Demons, Tim meant. He didn't believe in demons.
I did, however, and was quick to send up a prayer to the High Heavens to keep me safe. But bravery is handy thing, sometimes drawn from spirits (alcoholic) and other times drawn from adrenaline. When I opened my mouth to speak, I was bolstered by the latter: "Are you friends with the owner of this house?"
At that moment, Elaine and I heard what sounded like a distinctive knock. And Tim immediately lifted his headphones to tell us, "When you asked that . . . there was a male's voice that said, "It's me.'"
The MEL meter was beeping incessantly, only hushing when Elaine would order the spirit to make it stop or when she blatantly said, "The beeping is annoying, Samuel. Turn that thing off. Now."

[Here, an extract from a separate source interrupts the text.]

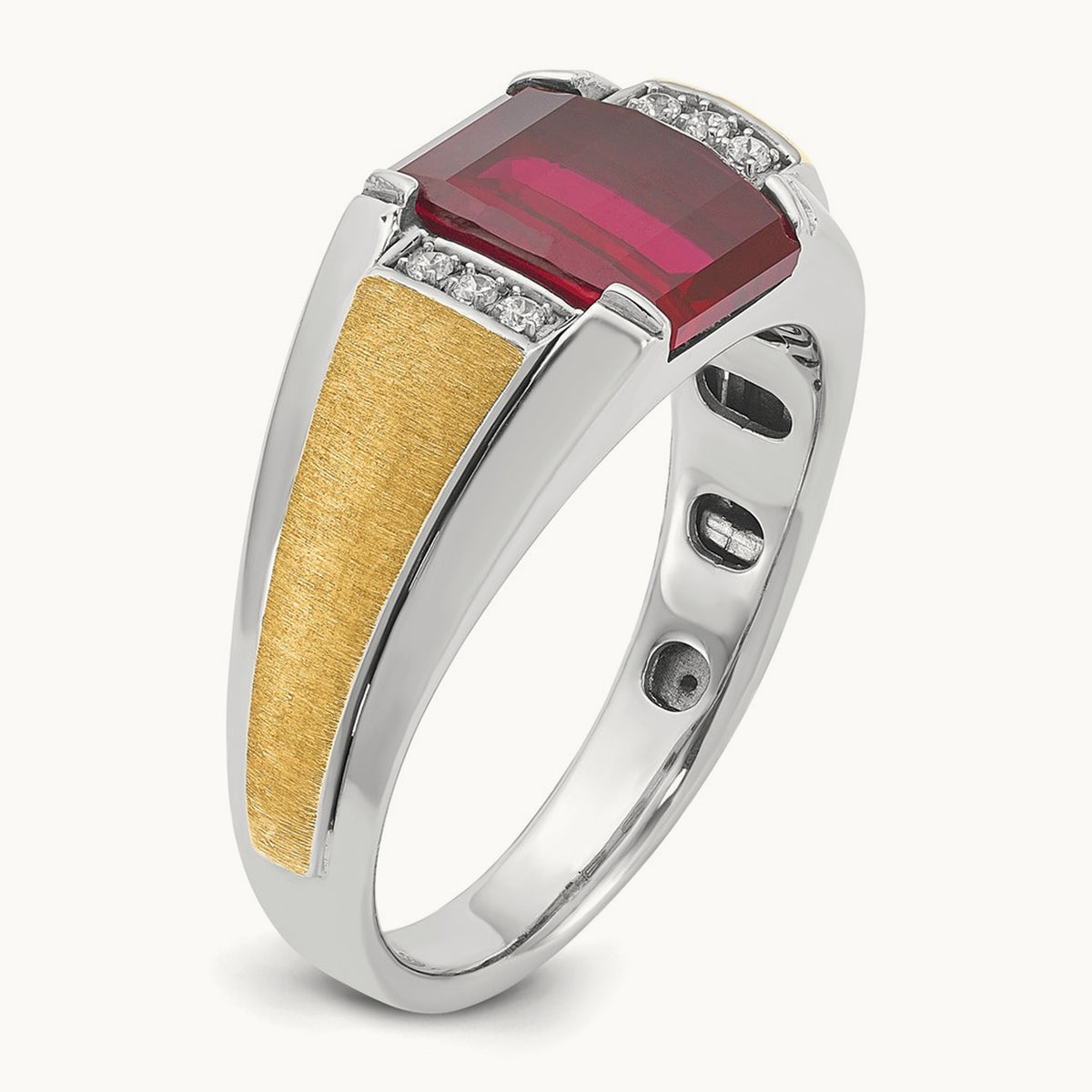 IBGoodman Men's Satin Cr.Ruby/Diamond Complete Ring, 14K Two-tone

And after that? Silence. The oppressive feeling in my head released and I inhaled the musty, humid air through my nose. With the camcorder as my eyesight, I panned to the left. Panned to the right. Not that I had expected to, but I saw nothing. Through the night vision, all I saw were a collage of gray and black shadows, as well as the Colgate-whites of my coworker's eyes. Were they all just as shocked as me that we had captured so much paranormal activity during our session? I wanted to ask them what they thought, especially those who hadn't been on a ghost hunt before, but there was something telling in the silence.
As though we all agreed that Samuel's presence had riled us, but that it was best not to speak of him in case he decided to reappear again.
I can't say that I was all that upset at the realization that Samuel had taken his leave for the night.
By the end of the evening, at around 2AM, we were all mingling in the courtyard. The living, I mean, though it's a good possibility that the dead were with us too.
We'd given up the pretense of investigating the location as we had for the last three hours, and decided simply to talk. Funny how you can take a bunch of paranormal enthusiasts, give them full leave to investigate to their heart's content, and yet they choose to talk to each other instead.
Irony at its finest.
But as we stood around talking, I had the sliver of realization that this was why we'd banded together tonight. Sure, there was the hope that we'd catch ghostly activity at what I largely consider to be one of the most haunted places in the French Quarter, but in reality getting together was a way for all to hang out. I wanted to hear all about the new stop Michael Bill had added to his tour; I wanted to talk to John about his passion for travel; I wanted to listen as Monique discussed how New Orleans' Cities of the Dead were here particular favorite.
In the dead of night, the New Orleans Ghost City Crew had come together to find ghosts . . . and yet we found each other instead.
(Did you feel slightly nauseous at that cheesy last line? Good. Mission Accomplished).
Till next time, Stay Spooky, y'all
Also: We should have gotten a photo of the group of us.